Dutch watch expert repairs Rolex “eaten by a cow” 50 years ago

A still of the watch face from the Chronoglide video

A Dutch watchmaker from Grootschermer has taken up the challenge of repairing a Rolex watch lost by a British farmer 50 years ago and thought to have been eaten by a cow.

The watch was found last month by someone using a metal detector on land still owned and farmed by James Steele who is now 95.

Steel lost the watch in the early 1970s when he “suddenly realised” its bracelet had broken and told reporters that “a cow could have eaten it with a mouthful of grass.

Steele told the BBC the discovery of the Rolex Air King was a “stroke of luck”.  

“The face has gone greenish but it has not rusted up,” he said, adding that he would hold onto it as a keepsake as it would “cost a bomb” to do anything with.

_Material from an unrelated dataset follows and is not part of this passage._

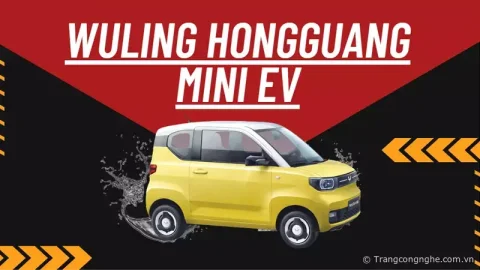 Mẫu xe điện Wuling Hongguang Mini EV chính thức lộ diện tại thị trường Việt Nam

But now the watch is being painstakingly restored by Dutchman and vintage watch expert Kalle Slaap, who describes the timepiece as amazing and hopes to make it work again.

He tracked down the Steel family after reading about the find and has offered to get the watch working again for free, telling the Telegraaf he could not resist the challenge.

The rust is now being removed from the mechanism in Slaap’s workshop and parts are already starting to shine again, he told RTL. “We’ll then take it apart and go through it piece by piece to see what can still be used,” he said.

“I’ve promised that before Christmas we’ll go as a team to England to meet the Steel family,” he said. “He’s going to get his own watch back. It would be cheating just to swap the works.”